A oggi l’Europa detiene appena il 5% della capacità globale di cattura e stoccaggio, arrivando a smaltire con queste modalità meno di 2 mt di Co2 l’anno.

1,9 mt la Co2 che le strutture di cattura e stoccaggio sono capaci di smaltire in Europa nel 2023, secondo l’Iea.

Come rileva l’agenzia internazionale dell’energia (Iea), l’Ue sta però investendo molto su questa tecnologia. I finanziamenti sono ingenti e provengono in particolare dall’Innovation fund e dalla Connecting Europe facility: oltre 2 miliardi di euro. E infatti l’agenzia dell’energia stima che entro il 2030 la capacità regionale sarà aumentata fino al 27%

I dati si riferiscono alle strutture già operative e a quelle in corso di costruzione per la cattura e lo stoccaggio dell’anidride carbonica, a livello globale. Questi impianti permettono di estrarre la Co2 prodotta dalle grandi industrie e di iniettarla all’interno di formazioni geologiche profonde.
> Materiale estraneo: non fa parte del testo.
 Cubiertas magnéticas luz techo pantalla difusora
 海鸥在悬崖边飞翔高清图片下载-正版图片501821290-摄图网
FONTE: elaborazione openpolis su dati Iea
(pubblicati: giovedì 25 Aprile 2024)

All’inizio del 2024 sono presenti 46 strutture di cattura e stoccaggio della Co2 nel mondo. Mentre quelle in fase di costruzione sono attualmente 36, con un aumento molto marcato a partire dal 2021.

Analisi

Le tecnologie di cattura e stoccaggio della Co2 presentano numerosi aspetti problematici, in quanto si trovano in una zona grigia. Permettono infatti di ridurre le emissioni, ma non di portarle a zero. Sono inestricabilmente legate ai combustibili fossili. Le prospettive a riguardo si dividono tra un pragmatismo basato sulla consapevolezza che l’indipendenza dalle fonti energetiche più inquinanti è ancora lontana e un approccio più ambizioso, che contesta tutte le soluzioni che tutelerebbero un settore di immenso impatto ambientale come quello dei combustibili fossili.
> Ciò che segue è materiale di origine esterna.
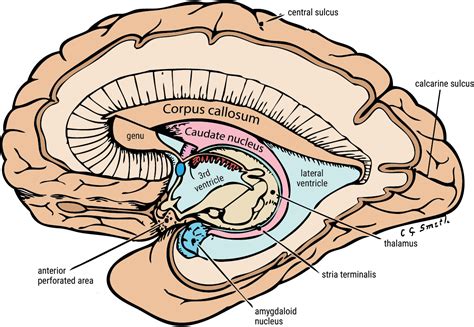 U.Br.Columbia - Drawing Caudate nucleus and amygdala - English labels | AnatomyTOOL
Il Mase afferma che la domanda energetica globale è attualmente in aumento e i combustibili fossili continueranno a coprire la maggior parte del fabbisogno. Con queste premesse, le emissioni di gas serra sono desinate ad aumentare con un ritmo tale che, si stima, ciò determinerà un incremento della temperatura media della terra di 3,5 gradi centigradi. Quindi ben al di sopra dei 2 gradi che, secondo la comunità scientifica, costituiscono la soglia massima che la terra può sopportare.
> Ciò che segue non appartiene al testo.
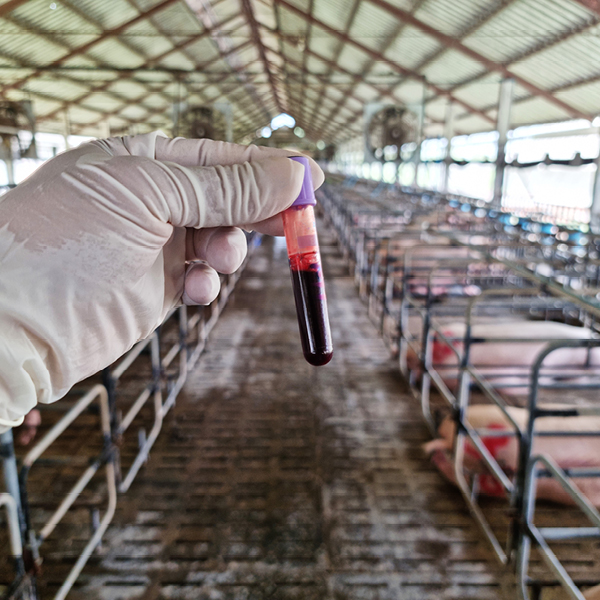 Animal Blood Sample- Animal Husbandry 1 1 Hours Certificate Cours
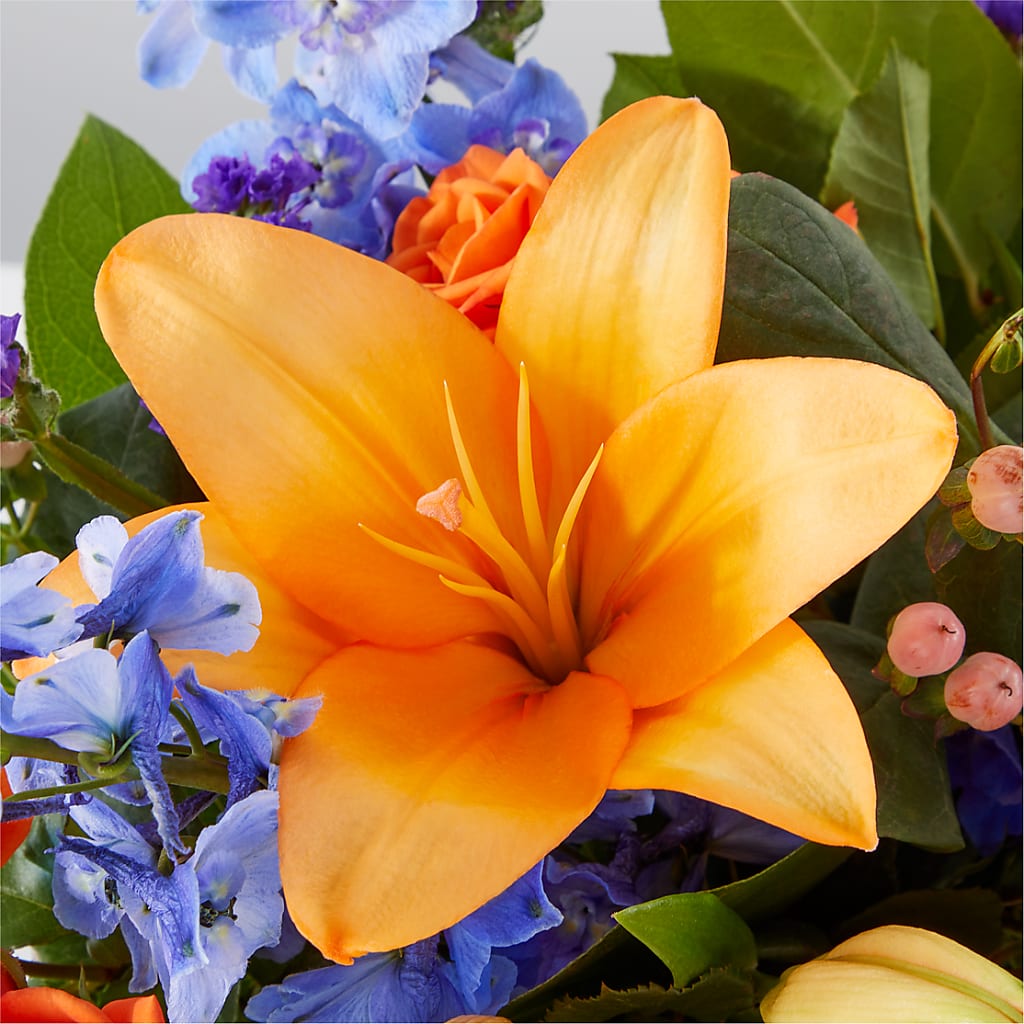 Radiant Citrus Box Bouquet – SOBEY'S, Mississauga ON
Le istituzioni in generale hanno mostrato di considerare la cattura e stoccaggio della Co2 un passaggio inevitabile, come è emerso anche dal linguaggio utilizzato alla Cop 28, dove si è parlato di transitioning away anziché di phasing out, in relazione ai combustibili fossili. Sottintendendo che non ci saranno passaggi radicali.

Tuttavia molte organizzazioni ambientaliste hanno contestato queste argomentazioni. In particolare, sostengono che il supporto di tali tecniche sia un modo per non abbandonare i combustili fossili. I quali hanno alle proprie spalle importanti interessi economici. Tale punto di vista è stato sostenuto, tra gli altri, da Greenpeace, secondo cui insistere sull’utilità dello stoccaggio è un modo di tutelare il mercato dei combustibili fossili anziché bandirlo del tutto.

Altri aspetti problematici sono i costi relativamente elevati di questa pratica e la disponibilità limitata di siti geologici adatti allo stoccaggio. Allo stesso tempo bisogna però considerare che la Ccs può essere utile per alcuni settori particolarmente difficili da decarbonizzare (autotrasporti pesanti, spedizioni, aviazione, ferro e acciaio, prodotti chimici e petrolchimici). Si tratta insomma di una soluzione complessa e molto limitata.